Our first observation is that the *n*-cube can be formed my
moving the (*n*-1)-cube in a direction perpendicular to itself.
For example, if we move a segment (a 1-cube) a unit distance in a
direction perpendicular to the segment, it will sweep out a square (a
2-cube) in doing so. Similarly, if we move a square a unit distance in
a direction perpendicular to the square, it sweeps out a cube as it
moves. The same is true even for the point; moving it in any direction
a unit distance causes it to sweep out a line segment. The sequence is
clear: a point moves to form a line segment; the segment moves to form a
square; the square moves to form a cube. The natural conclusion, then,
is that if we move a cube in a direction perpendicular to itself, the
cube should sweep out a hypercube.

The difficulty is in finding this perpendicular direction. In our three-space, there is no such direction. It is in imagining such a direction that we take our first real step into the fourth dimension. Even though we don't have a physical example to point to, we can still try to conceptualize the properties such a collection of directions would have: there would be four directions, each perpendicular to all the others. In this space, we could construct a hypercube. Since we don't really have such a place, our mental pictures of it always will be incomplete or distorted, but what would be required for a four-dimensional space should be fairly clear.

We can use the ``(*n*-1)-cube moving through time'' mechanism to
help count the parts that make up the *n*-cube. For example,
suppose we want to count the number of edges of the square; then we can
first look at how these are formed by the moving line segment as it
sweeps out the square. One edge (the bottom edge, say) is the initial
segment just before it starts moving. The opposite edge (the top) is
the position of the segment when it stops moving. The other two edges
are formed by the endpoints of the segment as it moves: each endpoint
sweeps out a new segment (a 0-cube in motion sweeps out a 1-cube). This
gives two copies of the original segment (one at the top and one at the
bottom) and two new segments (one for each of the two endpoints of the
moving segment) for a total of four edges.

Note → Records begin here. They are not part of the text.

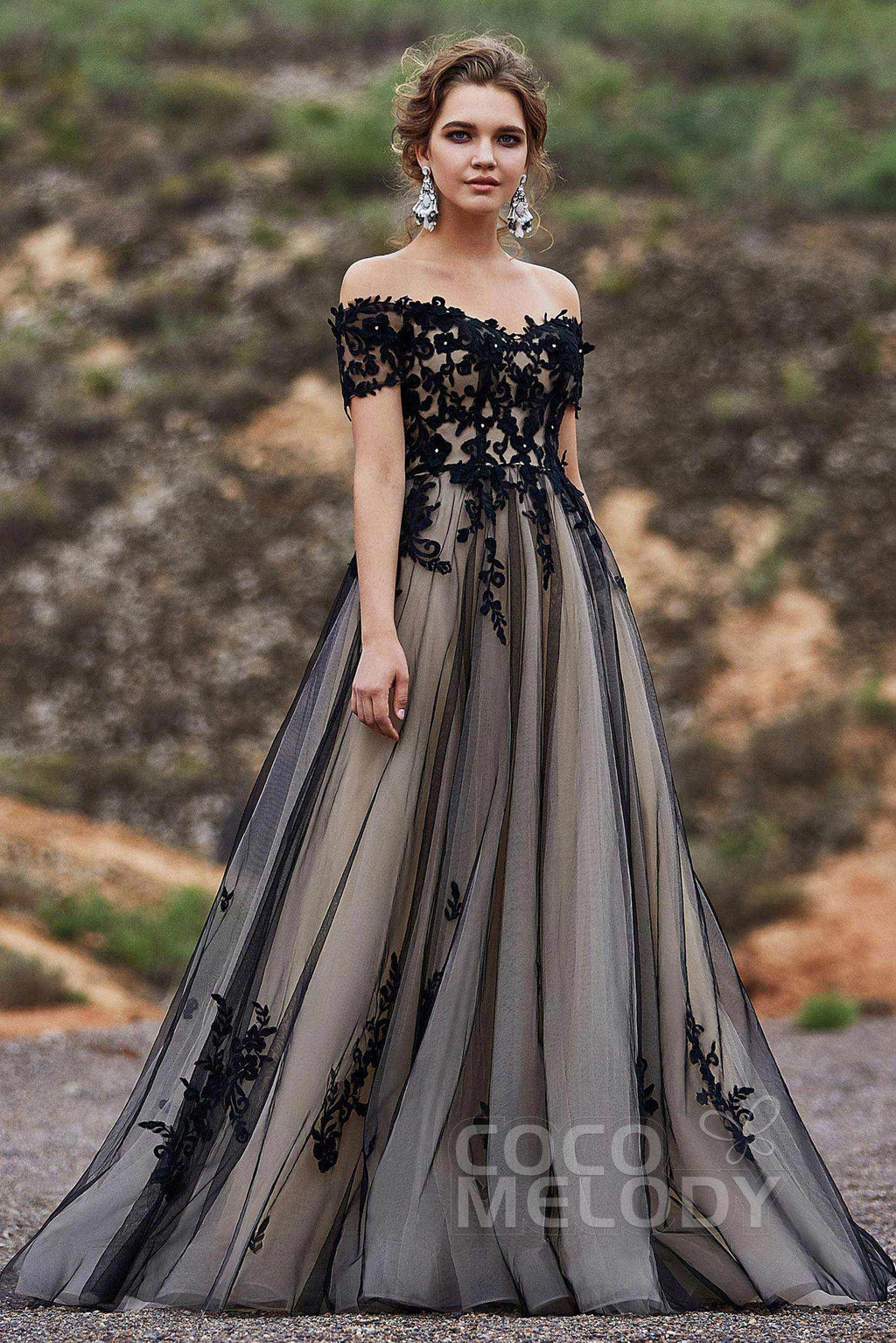 Elegant A Line Sweep Brush Train Tulle Gothic Wedding Dress Wedding Dress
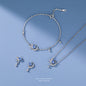925 sterling silver blue star moon jewelry set ~ necklace bracelet earrings ~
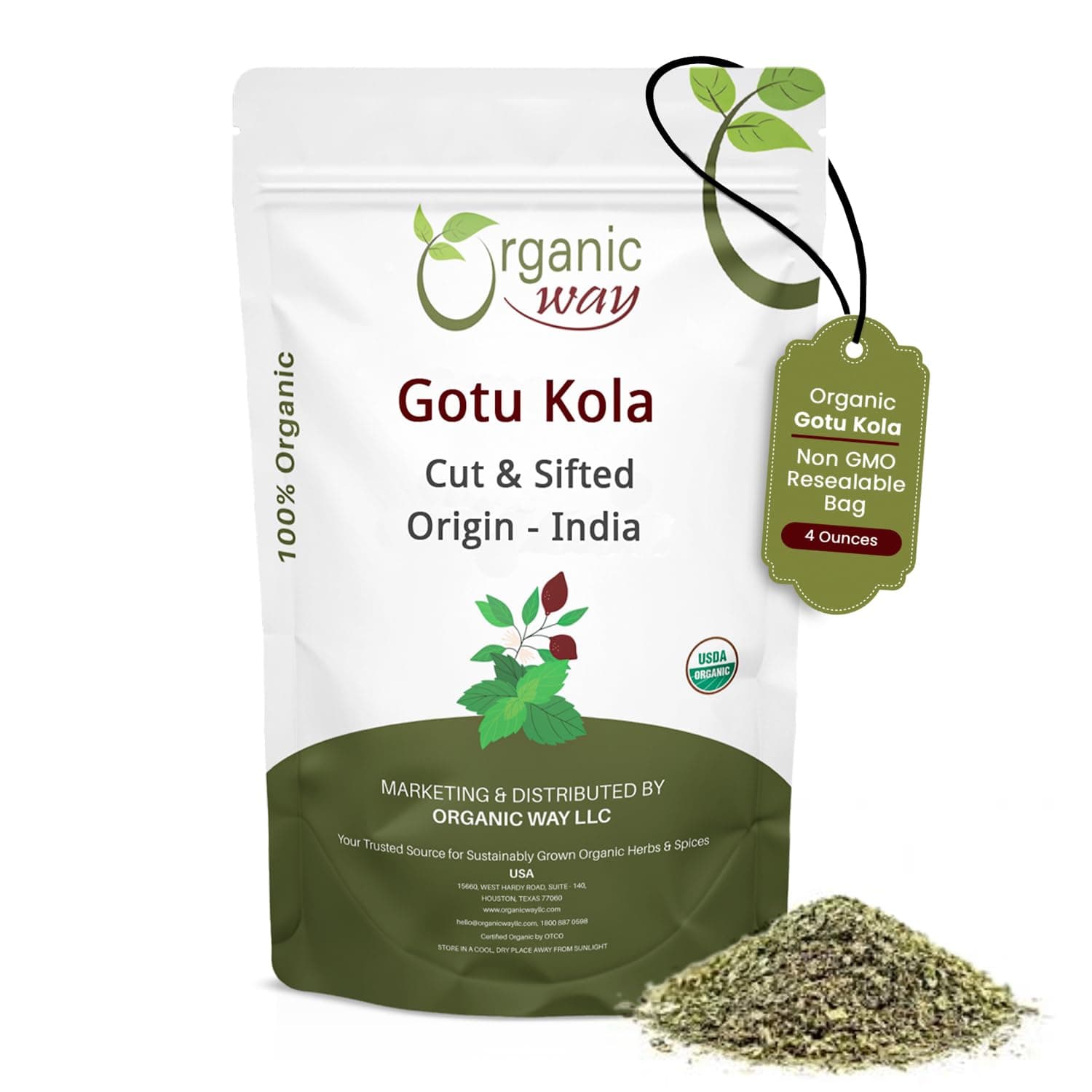 Organic Way Dried Gotu Kola Cut & Sifted (Centella asiatica) - Kosher & USDA Certified | Vegan, Non-GMO & Gluten Free | Tested for Heavy Metal | Resealable Bag | 100% Raw from India (1/4LBS / 4Oz.)
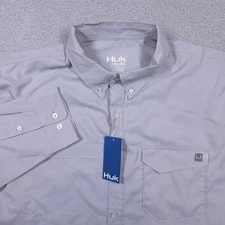 Huk Fishing Shirt Mens 2XL Gray Tide Point Long Sleeve Button Stretch NEW $55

Lets do the same thing for the square faces of the cube (formed by a
square in motion). One of these (the bottom) is the original square
before it moves, and one (the top) is the square when it stops moving.
The remaining faces are formed by the *edges* of the moving
square, each edge sweeping out a new square face for the cube (a 1-cube
in motion sweeps out a 2-cube). This means the cube has two squares
(top and bottom) plus four more squares (one for each edge of the
original moving square), for a total of six.

The other parts of the *n*-cube also can be counted in this way.
For example, it is easy to count the number of corners in an
*n*-cube by this means. There are twice as many as in the
(*n*-1)-cube: the corners are the corners of the base
(*n*-1)-cube before it moves plus the corners of the
(*n*-1)-cube when it is at the top. This means that the point has
1 corner (itself), the segment has 2, the square has 4, and the cube has
8. In general, the *n*-cube has 2^{n} corners.
This means that the 4-cube, or hypercube, must have 2^{4}=16
corners. This is the first concrete information we have obtained about
the hypercube!

In general, if we want to know the number of *m*-cubes in an *n*-cube,
we get twice the number of *m*-cubes in an (*n*-1)-cube (the ones that
are at the top and bottom), plus the number of (*m*-1)-cubes in the
(*n*-1)-cube (each sweeps out an *m*-cube as the (*n*-1)-cube moves
from the bottom to the top). This means that if we know the number of
parts in a cube of a particular dimension, we can determine the number
of parts in the cube that is one dimension higher. Carrying out this
procedure generates the following table:

n | m=0 | 1 | 2 | 3 | 4 |
---|---|---|---|---|---|

0 | 1 | 0 | 0 | 0 | 0 |

1 | 2 | 1 | 0 | 0 | 0 |

2 | 4 | 4 | 1 | 0 | 0 |

3 | 8 | 12 | 6 | 1 | 0 |

4 | 16 | 32 | 24 | 8 | 1 |

The bottom row represents the number of parts in the 4-cube. We see that there are 16 corners, 32 edges, 24 squares and 8 cubes in the hypercube! If we followed the sweeping cube carefully, we could even tell which of these were connected to which other ones. This gives us the combinatorial structure of the hypercube. (As an aside, we could continue to extend this table, and count the parts of the 5-cube, 6-cube, or any higher-dimensional cube we want.)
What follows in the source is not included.